Data extract >>
==============================
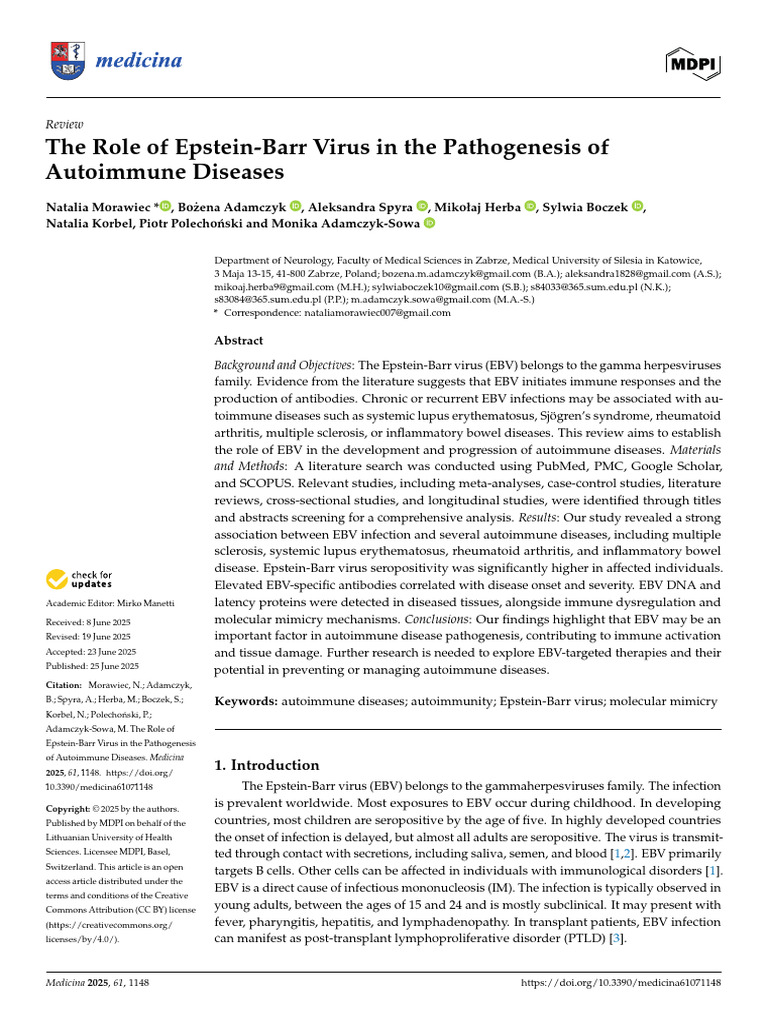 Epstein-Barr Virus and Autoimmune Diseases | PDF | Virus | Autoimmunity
==============================
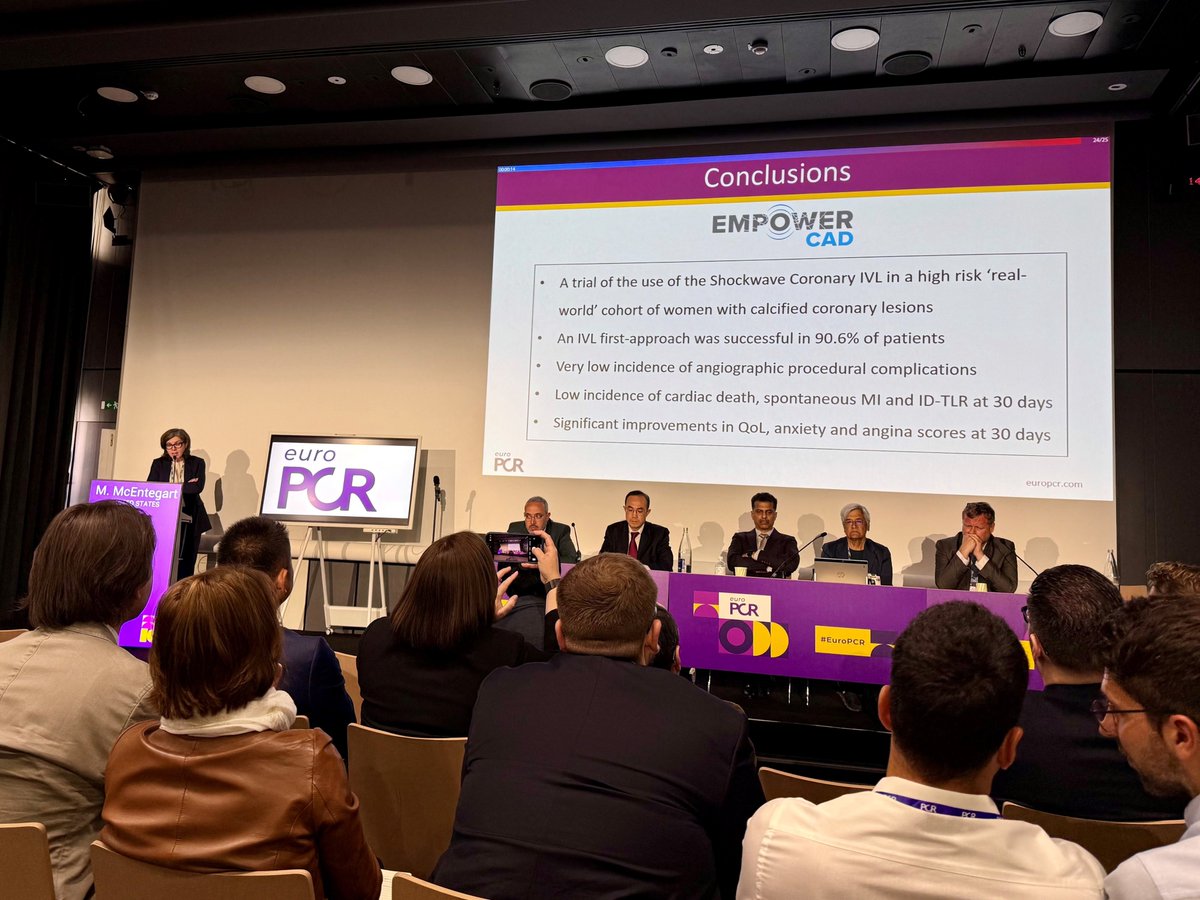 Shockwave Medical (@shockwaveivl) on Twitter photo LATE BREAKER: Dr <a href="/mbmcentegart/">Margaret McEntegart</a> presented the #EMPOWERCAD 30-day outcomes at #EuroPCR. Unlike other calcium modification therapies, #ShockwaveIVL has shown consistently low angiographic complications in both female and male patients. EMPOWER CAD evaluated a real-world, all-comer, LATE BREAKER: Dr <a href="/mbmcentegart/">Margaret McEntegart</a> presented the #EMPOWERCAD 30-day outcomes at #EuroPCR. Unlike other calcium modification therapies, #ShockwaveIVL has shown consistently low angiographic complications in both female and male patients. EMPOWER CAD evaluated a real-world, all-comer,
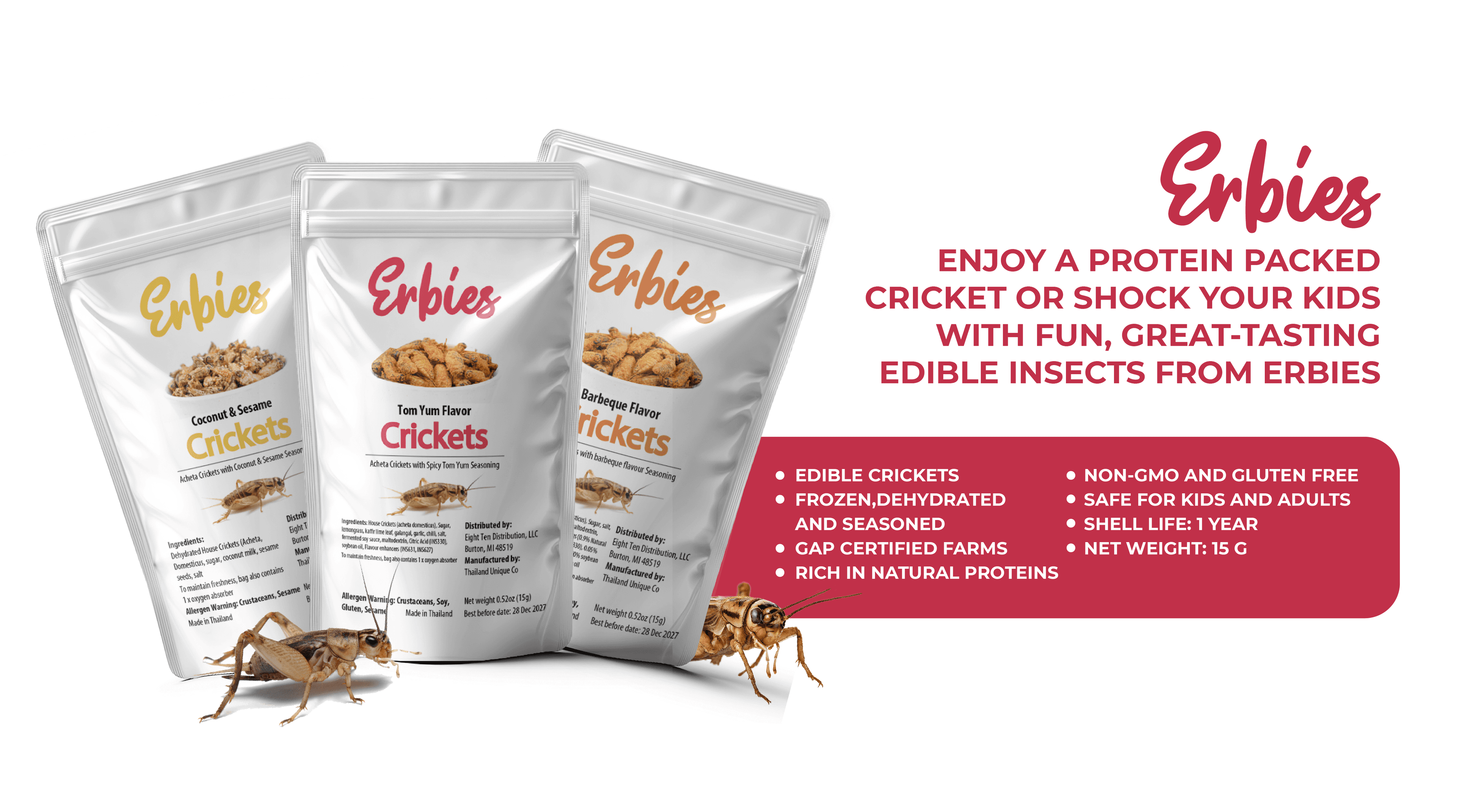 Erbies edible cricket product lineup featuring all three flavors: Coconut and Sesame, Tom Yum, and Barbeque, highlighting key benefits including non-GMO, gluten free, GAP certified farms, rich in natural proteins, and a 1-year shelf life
==============================
Your objective >> Output exactly the lines above, from the line with "Shockwave Medical (@shockwaveivl)" to the line with "Erbies edible cricket", both included; skip the pictures.

Response to the exercise >>
 Shockwave Medical (@shockwaveivl) on Twitter photo LATE BREAKER: Dr <a href="/mbmcentegart/">Margaret McEntegart</a> presented the #EMPOWERCAD 30-day outcomes at #EuroPCR. Unlike other calcium modification therapies, #ShockwaveIVL has shown consistently low angiographic complications in both female and male patients. EMPOWER CAD evaluated a real-world, all-comer, LATE BREAKER: Dr <a href="/mbmcentegart/">Margaret McEntegart</a> presented the #EMPOWERCAD 30-day outcomes at #EuroPCR. Unlike other calcium modification therapies, #ShockwaveIVL has shown consistently low angiographic complications in both female and male patients. EMPOWER CAD evaluated a real-world, all-comer,
 Erbies edible cricket product lineup featuring all three flavors: Coconut and Sesame, Tom Yum, and Barbeque, highlighting key benefits including non-GMO, gluten free, GAP certified farms, rich in natural proteins, and a 1-year shelf life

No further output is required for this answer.